- Stitch Fix Chief Operating Officer Julie Bornstein, who's been in the position for the past two years, quietly left the company last week to seek "a new challenge," which entails hopes for a chief executive role, Recode reports.
- Because of the awkward timing though, just ahead of the subscription apparel retailer's planned initial public offering, Recode's Jason Del Rey speculates there may be more to the story, either disagreement among the company's top management or an actual opportunity for Bornstein to serve as CEO somewhere.
Bornstein has served in various executive positions at Sephora, Urban Outfitters and Nordstrom.com, according to Recode, and has expressed interest in leading a company. A request for details or comment from Retail Dive wasn't immediately returned.
Earlier this year, privately-held Stitch Fix said it had $730 million in revenue in the 2016 fiscal year, marking its third consecutive year of profitability. At the time, it pushed back against rumors that it was turning down late-stage investments to clear a path to an initial public offering.

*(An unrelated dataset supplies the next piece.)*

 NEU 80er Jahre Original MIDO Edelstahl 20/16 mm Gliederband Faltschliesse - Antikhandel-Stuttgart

However, the online personal styling service last month tapped Paul Yee, who has extensive experience at major brands, as CFO, and speculation about an IPO intensified.

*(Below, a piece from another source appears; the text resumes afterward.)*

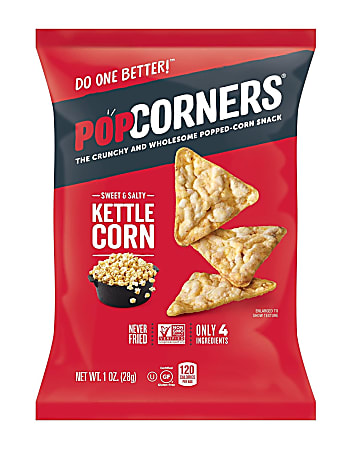 Popcorners Kettle Corn, 1 Oz, Case Of 64 Bags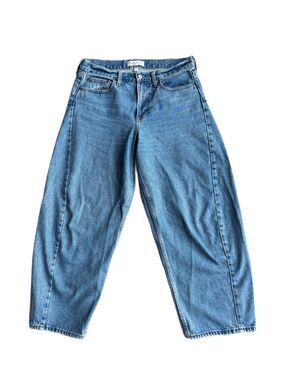 Abercrombie & Fitch Barrel Jeans Size 29 Mid Rise Curve Love Denim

Stitch Fix has garnered backing from venture capital firms Baseline Ventures, Benchmark, Lightspeed Venture Partners and Western Technology to the tune of $46.75 million in three rounds, most recently $30 million in 2014. The online personal styling space is pretty crowded, with rivals MMLaFleur, Tog & Porter, Dia & Co., Bomb Fell, Frank and Oak, Five For Five, Bungalow, Trunk Club and others vying for attention from shoppers and, in some cases, investors.
Despite their popularity among consumers, it’s not clear how these players are doing financially, considering nearly all of them are privately-owned companies. But Nordstrom's Trunk Club, which began as a concierge service for men but now also styles women, perhaps gives a clue to the concept’s viability: While it gets high marks from users, Nordstrom wrote down $197 million of that business last year. Three years ago, Nordstrom acquired the service, started by Bonobos co-founder Brian Spaly (who left late last year as CEO); it’s not yet profitable and the nearly $200 million non-cash goodwill impairment represents more than half of the $350 million Nordstrom paid to purchase it.
To stem those losses, Nordstrom last year instituted a $25 at-home try-on fee (which can be credited to a purchase) and shortened the return window. San Francisco-based Stitch Fix similarly has a $20 try-on fee that can be used toward a purchase and generally offers prices that are lower than Trunk Club thanks, in part, to a less costly styling approach based on inputs from a questionnaire rather than Trunk Club's direct human interaction.